From Adelaide to Ascot- Asfoora is ready to run

When Asfoora was put up for sale at the 2020 Adelaide Yearling Sale, she was passed in after bidders failed to meet the modest $30,000 reserve price. Fast forward four years, the five-year-old is currently in England, where a performance in the King Charles III Stakes (1006m) at Royal Ascot awaits her on 18 June. 

Bred from current owners Noor Elaine Farm in Euroa, which is comprised of brothers Akram and Daniel El-Fahkri, Asfoora, who has won over $1.3 million in prizemoney, will be the sole Australian entrant at the world’s most prestigious racing event, first run in 1911. 

The daughter of Group 1-winning sprinter Flying Artie, Asfoora will provide the opportunity of a lifetime for her owners when she lines up next week. 

“It’s really a money can’t buy experience,” Akram said. 

“The fact that we have a mare who can compete at that level- it’s a chance to put our farm on the map and she’s a really elegant and lovely mare, so it’s exciting.”

Akram will make the journey to the UK to watch the mare, along with his mother (whom Noor Elaine Farm was named after), two sons and two nephews, along with trainer Henry Dwyer.

“Henry went to Xavier College with my boys and he’s my trainer of choice and was very keen to get her to England and so in the end, I couldn’t say no,” he said.

Whilst Daniel will remain on Australian shores, he is hopeful Asfoora will deliver a performance similar to when she won the Group 2 McCafe Sprint (1000m) on Caulfield Cup Day in 2022. 

“I was in Queensland on a golf trip and watched in from a pub and everyone there was on her and when she won it was just so exciting as the whole pub had backed her and came out a winner,” he said. 

The mare quickly followed up her performance at Caulfield two weeks later by winning the Group 3 Furphy Sprint (1100m) on Penfolds Victoria Derby Day. In 2023, she took home both the Group 3 McCafe Stakes and the Group 2 Metcap Finance Schillaci Stakes, both over 1100m. 

Dwyer explained that it’s the choice of sprint races that ultimately led him to sending Asfoora overseas.

“The number of 1000m to 1100m races in Australia is limited, as the majority are over 1200m, but there are a lot in the UK and there’s actually a series of highly competitive races coming up and so we had the chance and thought why not?

“She’ll definitely be over there for a while, as after Ascot she’ll go to the Qatar Sussex Stakes (1000m) at Goodwood and then there’s the Group 1 Nunthorpe (1000m) at York and then a race at The Curragh in Ireland called the Flying Five (1000m). From there, she may even go over to Longchamp in France, so she’ll definitely get some sun on her back and hopefully I will too.
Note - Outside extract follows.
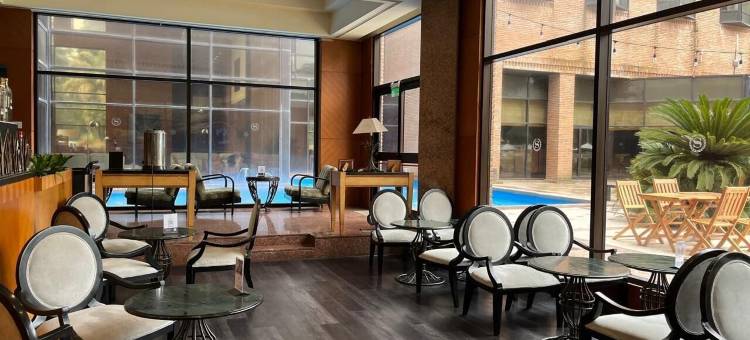 皮拉尔喜来登酒店及会议中心(Sheraton Pilar Hotel & Convention Center)图片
“Most importantly, the top and tails have also been hired and will be ready for me when I arrive for Ascot,” Dwyer joked.

Asfoora placed fourth in her first overseas run in the Group 2 Temple Stakes at Haydock in the United Kingdom on Saturday, May 25. Australian jockey and regular rider Mitch Aitken was aboard that day, however champion Irish hoop Oisin Murphy will take the reins for her run at Ascot. 

“I’m confident there’s improvement still to come,” Dwyer said.

“It was the fine balance of not training her too hard in the new environment and then potentially ruining the whole campaign and not doing enough, but she’s relaxed into her surroundings really well and she’s staying in Newmarket on the quieter side which has helped her a lot.

“It’s very exciting being the sole Australian ‘tourist’ this year and the hospitality that everyone showed me when I was there was fantastic. Everyone’s wanted her to race at their tracks and so it’s been really nice and I really think the best is still yet to come.”

Daniel El-Fahkri is also hopeful it will be the best result possible for the mare. 

“If she wins it’ll be a great racing story, considering how her life began with the lack of interest at the sales,” he said.

“It turns out she was a lucky retention for us and if she wins it’ll be a fantastic feelgood racing story for everyone.”